▶ Source material:
<<<<

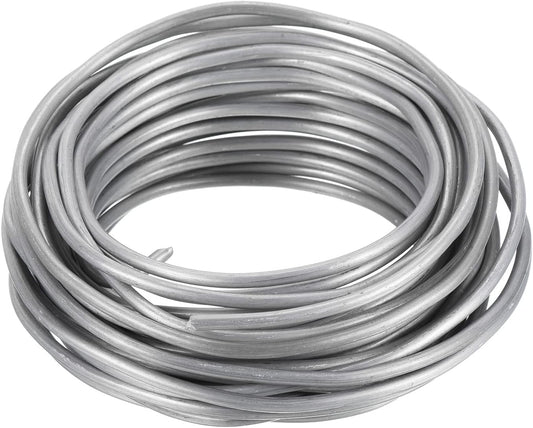 PATIKIL 3.5mm Bonsai Training Wire, Floral Wire Stems Anodized Aluminum Tree Wire 32.8 Feet Total for Gardening Branch Fixing, Silver Tone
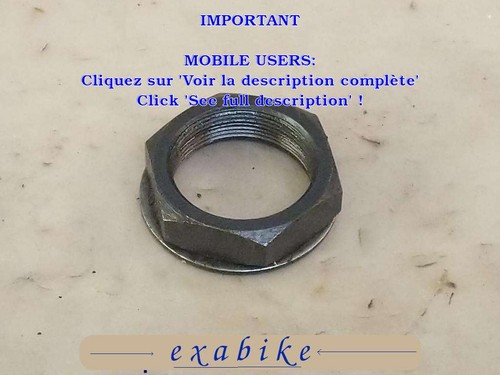 Ecrou pour yamaha 750 - ecrou, xs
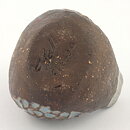 Bengt Wall (1960s) Brown Swelling  Bird with Relief Decor 6 cm (2)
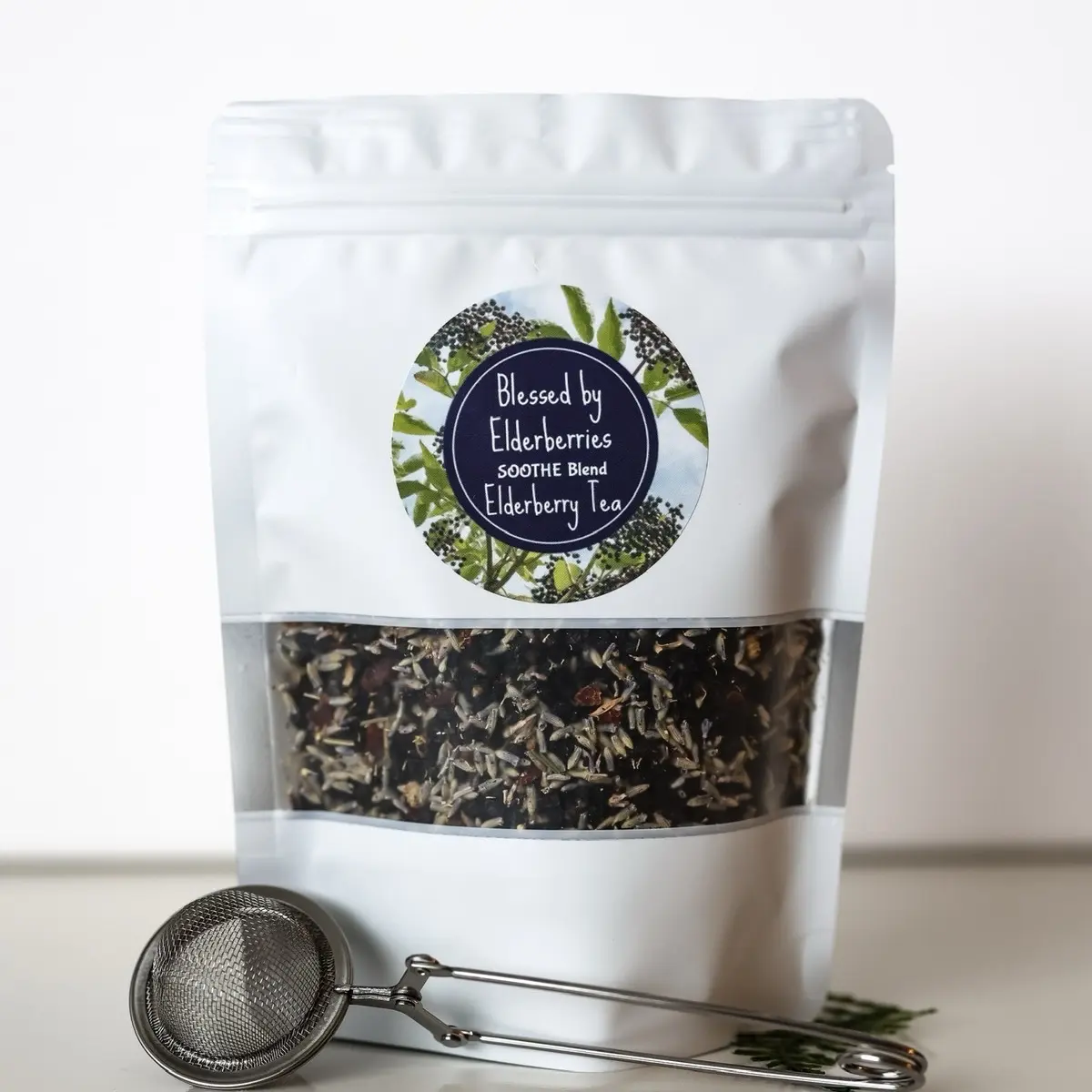 Soothe Blend Dried Elderberry Tea Beverage Soothe Blend Dried Elderberry Tea Beverage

>>>>

▶ To do: Extract the run of lines from the line holding "Bengt Wall (1960s)" through the final line of the material above, exactly and inclusively. Leave the pictures behind.

▶ Written solution:
 Bengt Wall (1960s) Brown Swelling  Bird with Relief Decor 6 cm (2)
 Soothe Blend Dried Elderberry Tea Beverage Soothe Blend Dried Elderberry Tea Beverage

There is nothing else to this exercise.